Period of Confinement: The maximum period for which one may be detained is 12 months. But the term can be extended if the government finds fresh evidence.
No Basic Rights to People Detained under the NSA, including:
- The right to be informed of the reason for the arrest (Section 50 of the Criminal Procedure Code -Cr.PC).
- Under the NSA, a person could be kept in the dark about the reasons for his arrest for up to five days, and in exceptional circumstances upto ten days.
- Even when providing the grounds for arrest, the government can withhold information which it considers to be against public interest to disclose.
- Sections 56 and 76 of the Cr.

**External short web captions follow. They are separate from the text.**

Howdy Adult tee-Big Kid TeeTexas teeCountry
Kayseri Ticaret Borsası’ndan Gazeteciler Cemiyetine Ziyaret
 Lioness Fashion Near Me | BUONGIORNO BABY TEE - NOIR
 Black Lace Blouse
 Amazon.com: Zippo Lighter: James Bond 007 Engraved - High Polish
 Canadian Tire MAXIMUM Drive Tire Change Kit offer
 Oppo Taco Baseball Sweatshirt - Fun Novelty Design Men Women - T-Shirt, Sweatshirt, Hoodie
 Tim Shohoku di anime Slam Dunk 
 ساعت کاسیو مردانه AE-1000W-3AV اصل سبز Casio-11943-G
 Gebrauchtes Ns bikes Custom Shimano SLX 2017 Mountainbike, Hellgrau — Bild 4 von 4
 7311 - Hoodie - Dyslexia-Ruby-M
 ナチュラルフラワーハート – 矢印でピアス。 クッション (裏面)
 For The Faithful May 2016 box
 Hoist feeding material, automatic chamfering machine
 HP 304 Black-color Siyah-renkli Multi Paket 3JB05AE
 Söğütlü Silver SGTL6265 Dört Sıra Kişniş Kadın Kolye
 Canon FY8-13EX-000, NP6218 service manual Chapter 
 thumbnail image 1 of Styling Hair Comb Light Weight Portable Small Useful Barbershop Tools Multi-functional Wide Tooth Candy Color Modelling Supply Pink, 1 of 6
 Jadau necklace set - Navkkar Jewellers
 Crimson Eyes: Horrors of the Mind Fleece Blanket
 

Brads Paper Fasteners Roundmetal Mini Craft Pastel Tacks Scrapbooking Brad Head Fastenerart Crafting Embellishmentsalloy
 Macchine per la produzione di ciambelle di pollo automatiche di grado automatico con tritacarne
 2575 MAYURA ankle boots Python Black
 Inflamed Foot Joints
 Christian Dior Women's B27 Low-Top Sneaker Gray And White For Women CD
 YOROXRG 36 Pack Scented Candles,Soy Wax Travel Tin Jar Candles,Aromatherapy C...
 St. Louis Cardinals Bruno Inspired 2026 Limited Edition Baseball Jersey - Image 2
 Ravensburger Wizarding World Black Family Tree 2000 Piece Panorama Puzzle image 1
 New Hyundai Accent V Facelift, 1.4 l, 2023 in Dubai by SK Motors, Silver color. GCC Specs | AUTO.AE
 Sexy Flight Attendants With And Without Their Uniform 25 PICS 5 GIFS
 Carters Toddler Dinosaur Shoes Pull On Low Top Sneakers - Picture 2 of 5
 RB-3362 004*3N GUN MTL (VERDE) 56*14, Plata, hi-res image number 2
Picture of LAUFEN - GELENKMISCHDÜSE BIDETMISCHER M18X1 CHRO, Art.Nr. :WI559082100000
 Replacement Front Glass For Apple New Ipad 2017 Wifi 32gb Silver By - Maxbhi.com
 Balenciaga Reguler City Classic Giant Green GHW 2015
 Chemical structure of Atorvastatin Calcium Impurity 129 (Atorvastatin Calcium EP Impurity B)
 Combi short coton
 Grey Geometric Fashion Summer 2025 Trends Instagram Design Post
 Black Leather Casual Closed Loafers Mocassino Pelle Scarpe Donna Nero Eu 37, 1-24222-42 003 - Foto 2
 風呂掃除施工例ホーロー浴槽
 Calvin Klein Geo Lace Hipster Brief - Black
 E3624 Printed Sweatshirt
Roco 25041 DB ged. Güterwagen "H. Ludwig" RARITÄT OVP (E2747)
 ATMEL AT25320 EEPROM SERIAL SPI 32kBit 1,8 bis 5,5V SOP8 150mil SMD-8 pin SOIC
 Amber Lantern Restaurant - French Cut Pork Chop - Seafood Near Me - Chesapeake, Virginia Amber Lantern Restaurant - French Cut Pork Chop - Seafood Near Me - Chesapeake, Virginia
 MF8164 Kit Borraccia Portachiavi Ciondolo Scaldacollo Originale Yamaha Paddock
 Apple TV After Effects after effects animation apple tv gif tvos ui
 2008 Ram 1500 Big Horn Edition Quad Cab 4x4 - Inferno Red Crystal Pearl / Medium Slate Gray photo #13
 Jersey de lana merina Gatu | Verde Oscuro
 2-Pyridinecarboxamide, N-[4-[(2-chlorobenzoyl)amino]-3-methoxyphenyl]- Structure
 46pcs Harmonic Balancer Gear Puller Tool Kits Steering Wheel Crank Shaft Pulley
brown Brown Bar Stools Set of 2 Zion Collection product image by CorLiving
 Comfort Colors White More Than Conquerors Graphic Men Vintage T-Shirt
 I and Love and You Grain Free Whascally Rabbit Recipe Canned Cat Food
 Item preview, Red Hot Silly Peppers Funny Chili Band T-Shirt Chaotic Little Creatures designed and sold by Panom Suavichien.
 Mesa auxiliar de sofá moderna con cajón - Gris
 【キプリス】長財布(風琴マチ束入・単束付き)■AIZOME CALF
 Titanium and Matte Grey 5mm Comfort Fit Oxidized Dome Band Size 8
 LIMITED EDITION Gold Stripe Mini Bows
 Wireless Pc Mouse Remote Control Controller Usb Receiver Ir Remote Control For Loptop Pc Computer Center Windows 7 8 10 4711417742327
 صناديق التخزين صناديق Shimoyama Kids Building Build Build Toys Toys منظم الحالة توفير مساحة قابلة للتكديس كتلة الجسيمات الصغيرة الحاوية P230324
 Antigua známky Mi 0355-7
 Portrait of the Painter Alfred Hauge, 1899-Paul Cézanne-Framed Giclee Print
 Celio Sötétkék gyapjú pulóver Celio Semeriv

PC also provides that a person has to be produced before a court within 24 hours of arrest.
- Article 22(1) of the Constitution says an arrested person cannot be denied the right to consult, and to be defended by, a legal practitioner of his choice.
- Under the NSA, the arrested person is not entitled to the aid of any legal practitioner in any matter connected with the proceedings before an advisory board, which is constituted by the government for dealing with NSA cases.
Preventive Detention
- Preventive Detention involves the detainment (containment) of a person in order to keep him/her from committing future crimes and/or from escaping future prosecution.
- Article 22 (3) (b) of the Constitution allows for preventive detention and restriction on personal liberty for reasons of state security and public order.
- Further, Article 22(4) states that no law providing for preventive detention shall authorise the detention of a person for a longer period than three months unless:
- An Advisory Board reports sufficient cause for extended detention.
- The 44th Amendment Act of 1978 has reduced the period of detention without obtaining the opinion of an advisory board from three to two months. However, this provision has not yet been brought into force, hence, the original period of three months still continues.
- Such a person is detained in accordance with the provisions of any law made by the Parliament.